The current BTC layer2 market is limited by the shortcomings of BTC's mainnet in terms of validation capabilities, leading to a variety of solutions. Yes, precisely because the BTC mainnet's scripting language is inherently simple, and its computational and validation capabilities are almost close to zero, it has given the market ample room and opportunity to flourish. Currently, apart from limited transaction verification and multi-signature within the UTXO unlocking conditions, BTC mainnet cannot directly implement any complex transaction logic requiring verification of data, state changes, etc. Instead, it has to act as an asset settlement layer and extend a powerful public chain to build local consensus and computational verification capabilities to achieve scalability. As a result, there is no unified standard for the landing of BTC layer2, no concept of "orthodoxy," and it is even difficult to draw clear distinctions. The only way to distinguish between narrow and broad definitions is based on the perception of the community: narrowly speaking, only extension solutions like Lightning Network state channels and RGB's single-seal schemes ensure true BTC orthodoxy as layer2 because they fully utilize and leverage BTC's limited script verification capabilities without needing or relying on minimal off-chain local consensus. Broadly speaking, as long as the local consensus of the extension chain is recognized and there is a cross-chain bridge solution to ensure the secure migration of assets, theoretically, Ethereum EVM chains, Solana high-concurrency performance chains, and so on can all act as BTC layer2. Clearly, the current BTC layer2 market is significantly polarized, either extremely narrow, with slow development like Lightning Network and RGB, or extremely broad, where any performance chain that can interact securely with BTC mainnet assets is considered BTC layer2. So, is there no compromise solution? Yes, the answer is: the @NervosNetwork, which utilizes a UTXO-based model and has adapted and upgraded its performance. Specifically:

1) The CKB Network and BTC are completely akin in terms of "UTXO model" and "mining consensus mechanism." Different from mainstream public chains like Ethereum, which have an account balance model, UTXO has certain unique advantages, demonstrating advanced characteristics in transaction privacy, flexible transaction construction, and parallel processing to prevent double-spending. It can be considered one of Satoshi Nakamoto's greatest inventions. This also explains why after Ethereum, projects like Sui and Aptos adopted similar UTXO models. We can say that while Bitcoin's capacity and block generation speed are limited by the times, the UTXO model is forward-thinking. CKB adopts the UTXO model and upgrades it to the Cell model. This model not only retains the transactional purity of the Bitcoin UTXO model but also provides the data state of Ethereum's account model. In simple terms: while the Bitcoin UTXO model involves the continuous creation and destruction of coins, Cell removes the destruction process, aiming to verify and preserve states in the long term. Each Cell contains two fields: Capacity, measured in bytes, equivalent to the balance of UTXO; Data, which stores arbitrary data such as historical transaction states. This allows Cell collections to not only accurately represent balances and process asset transfers but also contain a series of complex smart contract states. Overall, the Cell model is a leading transaction model with greater persistence, better flexibility, and an expanded range of applicable scenarios than the UTXO model. It is also the key to CKB's ability to inherit BTC mainnet security while simultaneously "speeding up" extensions like the Lightning Network and RGB, which are slow in BTC's expansion direction.
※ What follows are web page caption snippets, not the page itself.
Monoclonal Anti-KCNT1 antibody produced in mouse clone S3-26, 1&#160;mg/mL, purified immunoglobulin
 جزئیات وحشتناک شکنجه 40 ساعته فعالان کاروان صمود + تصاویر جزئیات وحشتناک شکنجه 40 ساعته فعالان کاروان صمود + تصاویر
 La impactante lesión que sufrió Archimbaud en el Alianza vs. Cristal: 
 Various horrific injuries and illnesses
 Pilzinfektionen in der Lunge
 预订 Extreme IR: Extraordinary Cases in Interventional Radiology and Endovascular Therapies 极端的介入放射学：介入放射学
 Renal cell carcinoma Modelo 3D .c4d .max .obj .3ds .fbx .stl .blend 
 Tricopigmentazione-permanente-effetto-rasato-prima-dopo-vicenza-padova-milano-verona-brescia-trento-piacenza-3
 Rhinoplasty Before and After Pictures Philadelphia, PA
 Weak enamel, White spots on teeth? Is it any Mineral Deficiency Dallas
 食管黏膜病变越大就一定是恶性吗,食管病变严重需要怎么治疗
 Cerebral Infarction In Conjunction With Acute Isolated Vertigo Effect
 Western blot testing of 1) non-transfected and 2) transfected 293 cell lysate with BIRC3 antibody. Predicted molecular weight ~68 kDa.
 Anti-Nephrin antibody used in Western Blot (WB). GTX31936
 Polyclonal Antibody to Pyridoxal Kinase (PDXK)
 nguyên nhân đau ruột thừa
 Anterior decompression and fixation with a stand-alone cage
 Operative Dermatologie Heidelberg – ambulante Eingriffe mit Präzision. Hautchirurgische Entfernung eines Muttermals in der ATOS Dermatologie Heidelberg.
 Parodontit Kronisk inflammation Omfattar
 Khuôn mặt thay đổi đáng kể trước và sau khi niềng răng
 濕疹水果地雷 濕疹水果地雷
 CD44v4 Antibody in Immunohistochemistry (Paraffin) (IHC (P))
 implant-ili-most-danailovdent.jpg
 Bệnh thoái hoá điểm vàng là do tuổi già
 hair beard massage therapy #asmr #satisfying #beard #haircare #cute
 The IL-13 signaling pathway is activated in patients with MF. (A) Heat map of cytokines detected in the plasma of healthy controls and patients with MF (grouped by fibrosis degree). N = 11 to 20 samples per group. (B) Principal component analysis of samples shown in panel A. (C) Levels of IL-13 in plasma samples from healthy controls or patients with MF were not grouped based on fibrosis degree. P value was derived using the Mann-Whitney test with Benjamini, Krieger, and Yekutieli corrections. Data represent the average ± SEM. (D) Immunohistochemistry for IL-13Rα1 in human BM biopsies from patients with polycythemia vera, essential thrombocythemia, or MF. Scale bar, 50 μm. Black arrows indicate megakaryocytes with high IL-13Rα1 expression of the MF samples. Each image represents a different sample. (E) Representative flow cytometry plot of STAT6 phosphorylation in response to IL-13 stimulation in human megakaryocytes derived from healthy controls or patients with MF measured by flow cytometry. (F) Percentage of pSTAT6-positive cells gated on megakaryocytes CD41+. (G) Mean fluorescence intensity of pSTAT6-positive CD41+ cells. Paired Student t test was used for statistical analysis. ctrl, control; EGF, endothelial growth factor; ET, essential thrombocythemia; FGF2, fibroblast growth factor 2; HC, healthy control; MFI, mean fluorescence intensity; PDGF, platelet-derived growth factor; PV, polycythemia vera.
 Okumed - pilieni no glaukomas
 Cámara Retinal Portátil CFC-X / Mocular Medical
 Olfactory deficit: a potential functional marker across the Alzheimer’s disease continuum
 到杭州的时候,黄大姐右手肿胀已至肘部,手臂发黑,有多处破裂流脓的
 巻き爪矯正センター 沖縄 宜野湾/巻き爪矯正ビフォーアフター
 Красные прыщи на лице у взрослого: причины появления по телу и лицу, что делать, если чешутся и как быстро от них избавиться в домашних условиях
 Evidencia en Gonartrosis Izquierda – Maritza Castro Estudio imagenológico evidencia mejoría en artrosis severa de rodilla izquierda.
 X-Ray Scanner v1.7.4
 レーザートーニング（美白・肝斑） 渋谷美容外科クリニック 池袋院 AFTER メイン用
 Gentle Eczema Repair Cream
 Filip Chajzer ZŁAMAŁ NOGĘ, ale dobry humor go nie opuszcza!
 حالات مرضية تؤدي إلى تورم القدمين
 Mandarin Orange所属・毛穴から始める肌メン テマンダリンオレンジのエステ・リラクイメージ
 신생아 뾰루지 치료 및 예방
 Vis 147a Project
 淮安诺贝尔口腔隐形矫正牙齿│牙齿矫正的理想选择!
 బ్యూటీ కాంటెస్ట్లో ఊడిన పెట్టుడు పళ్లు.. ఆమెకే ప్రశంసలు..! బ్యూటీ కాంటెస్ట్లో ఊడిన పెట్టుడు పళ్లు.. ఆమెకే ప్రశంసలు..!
2) Taking the recent launch of RGB++ by CKB as an example, under normal circumstances, the maturity of the RGB solution extending into the BTC ecosystem is impeded not by the one-time sealing process on the BTC mainnet, but rather by the communication, coordination, and state maintenance among off-chain client verification nodes, especially in a decentralized node environment. In other words, while the RGB theory seems straightforward, its practical implementation is limited by underlying infrastructural constraints, resulting in numerous obstacles.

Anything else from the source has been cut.